Perl and Databases

This discussion will focus on Perl's DBI, or Database Interface. The DBI has been in development for over five years and just recently achieved v. 1.0. Its version number, however, belies its maturity. Perl developers have used the DBI for small applications to enormous ones.

A necessary tool for the DBI is one or more DBDs, or Database Drivers. In fact, when I refer to DBI throughout this discussion, I will actually be referring to the two in tandem, since you cannot do much with just the DBI.

The DBI defines the interface through which you can talk to the individual DBDs, which are often implemented in C using the client libraries distributed with a SQL database. In theory, an application written using one DBD can be ported to another DBD with minimal effort, sometimes as little as changing one line.

For the Win32 folk: The relationship between the DBI and DBD is somewhat like that between the ODBC Driver Manager and the ODBC Drivers.

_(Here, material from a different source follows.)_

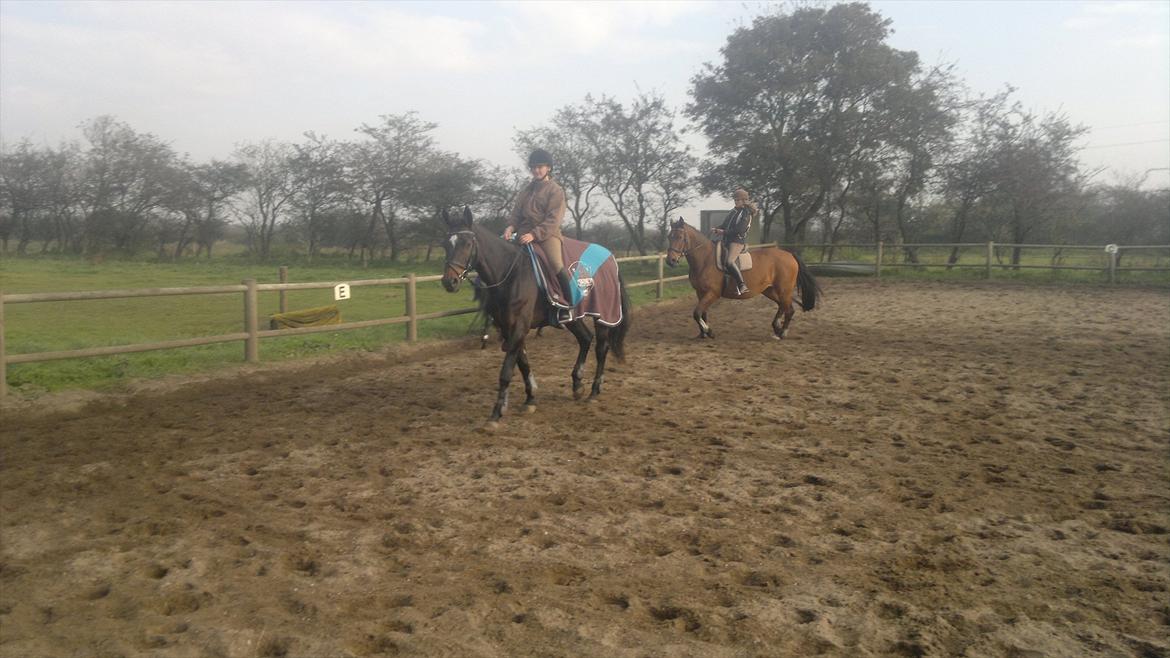 Dansk Varmblod Østergårds Chausette (tidligere hest) billede 15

If you already know how to use the DBI, this probably won't teach you anything new. If you're just starting to use the DBI, this might be helpful to have while you're reading the DBI documentation, which is fairly straightforward and very comprehensive. Hopefully this will help flesh out some of the information found in the DBI documentation.


Terminology

Let's define a few terms here:

Installing

The DBI is fairly simple to install. I have never had a problem installing it. Same steps as every other module from CPAN: install the CPAN module and use its shell, or ftp it from the site and do:

  perl Makefile.PL
  make
  make test
  make install

Installing DBDs can be a mixed bag. While the DBI defines an interface, a DBD interacts directly with a database so all the difficulties that come with different platforms and different levels of application support exist in full force.

Generally, you'll need to know where your database was installed, along with its libraries and include files. I have installed the following DBDs without much difficulty:

 DBD::mSQL
 DBD::mysql
 DBD::Solid
 DBD::CSV
 DBD::XBase
 
(I also worked briefly with DBD::ODBC on Win32, but that came
with the GS port of 5.004 so it's in a different league.)

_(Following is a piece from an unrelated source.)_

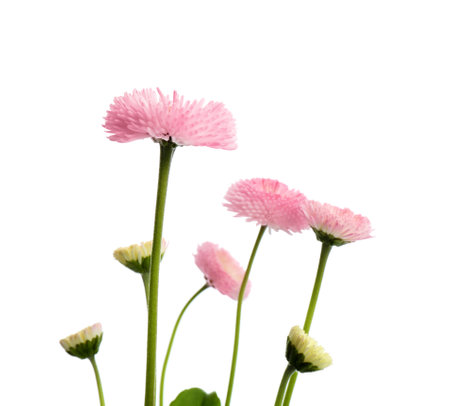 Beautiful blooming daisies against white background. spring flowersの写真素材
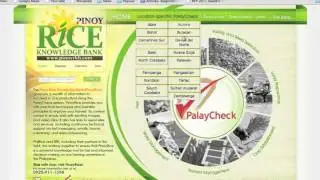 Insights about Pinoy Rice Knowledge Bank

There are also some helper applications you'll need:

 Data::ShowTable
 SQL::Statement (for CSV and XBase)

Extremely helpful are:

 Term::ReadLine
 Term::ReadKey

which allow you to use the dbimon much more effectively.

Using

Now we get to the fun part -- using the DBI.

Connect

The first step is connecting to the database. All actions going to the database are done through a database handle.

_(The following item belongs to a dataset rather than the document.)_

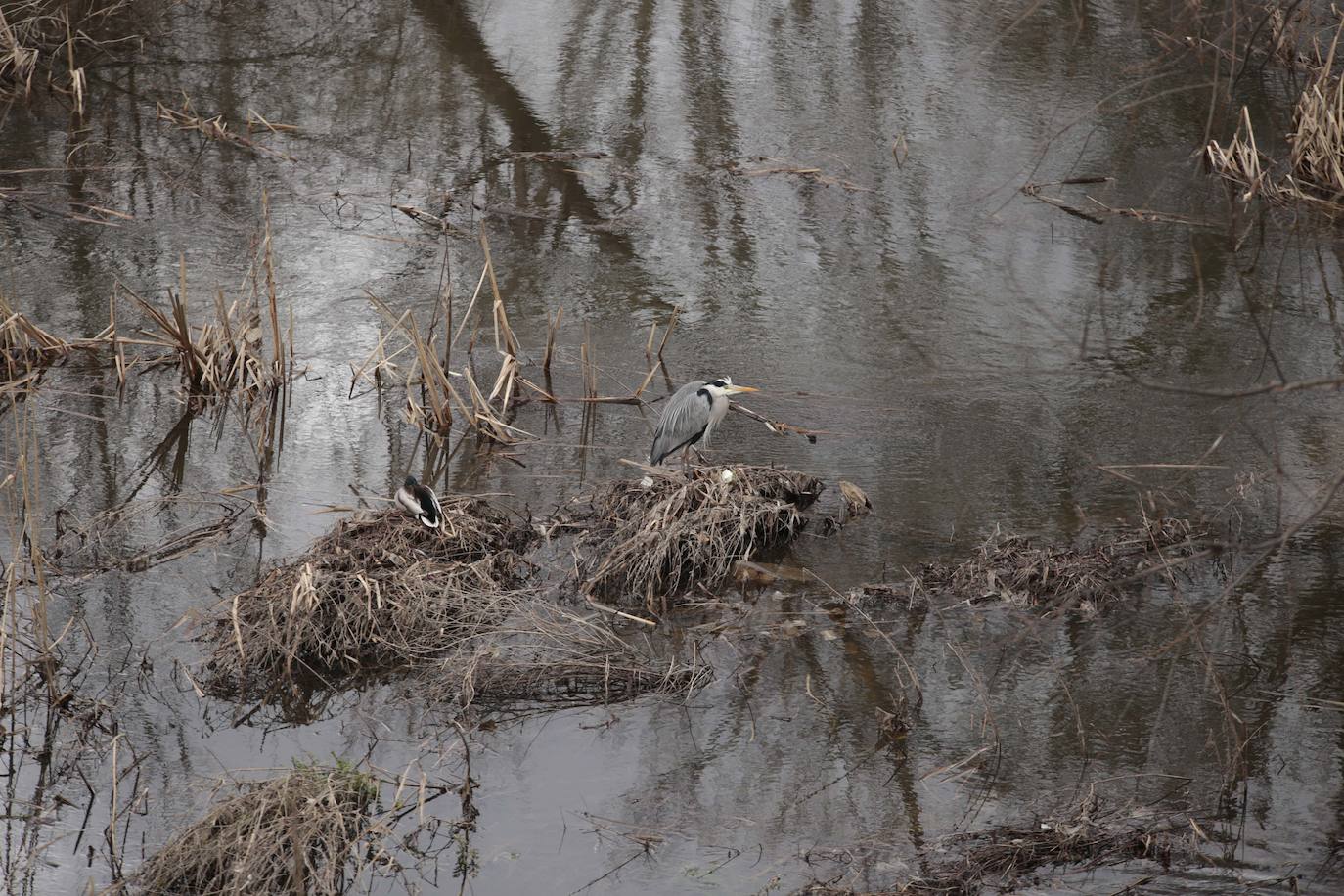 La crecida del río llena de &#039;basuraleza&#039; la ribera del Tormes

Create a database handle like this:

   my $dbh = DBI->connect( DBI:mysql:test',
                           'username',
                           'password',
                           { RaiseError => 1 } );

where:

  DBI:mysql:test - Data Source Name (DSN)
  DBI            - DBI (necessary first part of the DSN)
  mysql          - Name of DBD
  test           - Name of database we are connecting to.
  username       - User we are connecting to this database as
  password       - Password for the user

The final argument to the connect call is a hashref of options. An example is:

  { RaiseError => 1, AutoCommit => 0 }

The DBI does not really care what statements you send through this database handle. You can think of DBI as a pass-through module: it defines an interface for sending requests to and receiving data from a database, but it does not really care what the statements or data are.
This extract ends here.